Sales Support: Just Enough, Just in Time
Double-Bind
Two different aspects of the sales workforce are creating interesting challenges for sales enablement and sales training today:
- Most businesses support five different generations of people on their sales team, from recent college graduates who can’t remember a world without Internet, to workers in their 50s and 60s who grew up in vastly different technological landscapes.
- The sales enablement landscape is evolving very rapidly. Tools and technologies that were difficult to conceive a couple years ago, such as predictive enablement, are rapidly becoming a reality—or have arrived already.
Supporting these generations of workers—with their differing baselines in tech savviness, expectations and learning styles—can be a challenge. How do we help such disparate groups level up their skills so they can hold better conversations of value in the face of such rapid change?

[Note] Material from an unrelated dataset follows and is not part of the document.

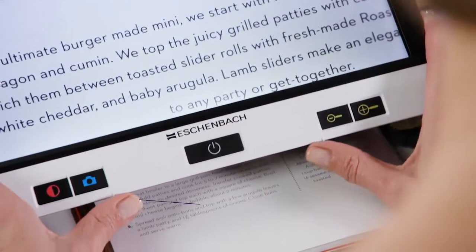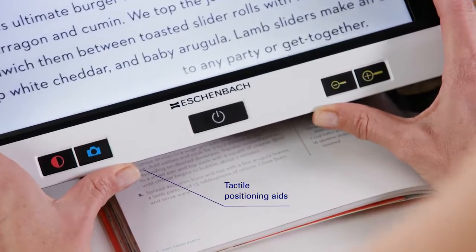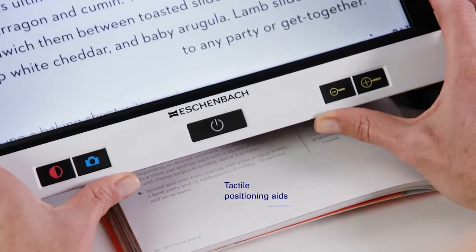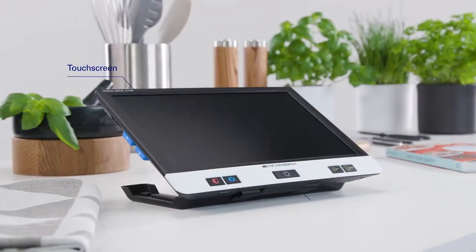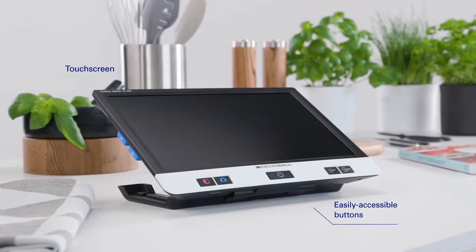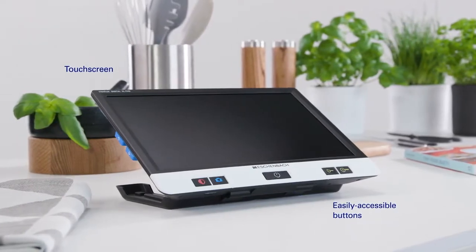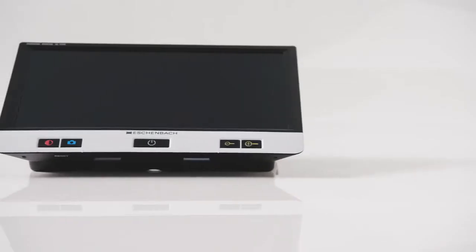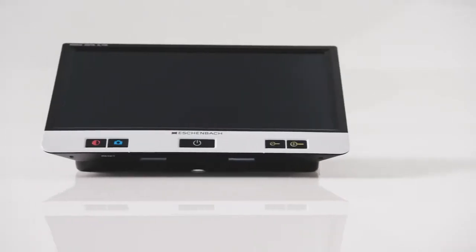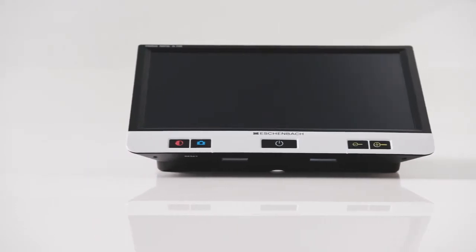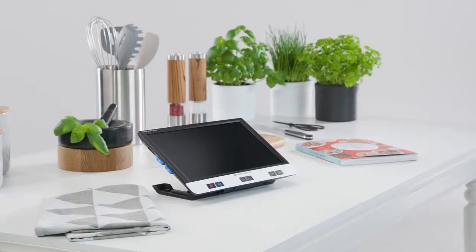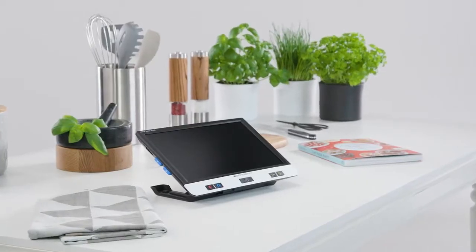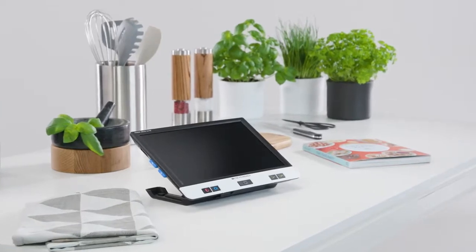Tactile positioning aids enable optimal orientation. Thanks to its touch screen and easily accessible buttons, it is intuitive to use. Due to these and many other product features, the Visolux Digital XL FHD offers optimal all-round reading comfort.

By blending some smart new technology with tried and true learning methods to provide just the right support, just in time. Try these three tips:
- Provide bite-sized content.
Attention spans are getting shorter. (Thanks, Internet!) In fact, one study has shown that our attention spans have shrunk to about eight seconds. Eight.
And that’s only part of the battle. Once we get someone’s attention, we need to make it easy to store in their memory centers, and equally important, easy to retrieve from that memory.
Bite-sized support content and training bursts are ideal for this purpose. Not only do they cater to abbreviated attention spans, they’re easier to look up in the moment sellers need them, and don’t overwhelm working memory with irrelevant content. All this amounts to support that sellers can really use, right when they need it.
Have an 80-page sales playbook or training PDF? Distill it down to the most important points, then modularize it into bite-sized chunks by topic. Your sellers will thank you.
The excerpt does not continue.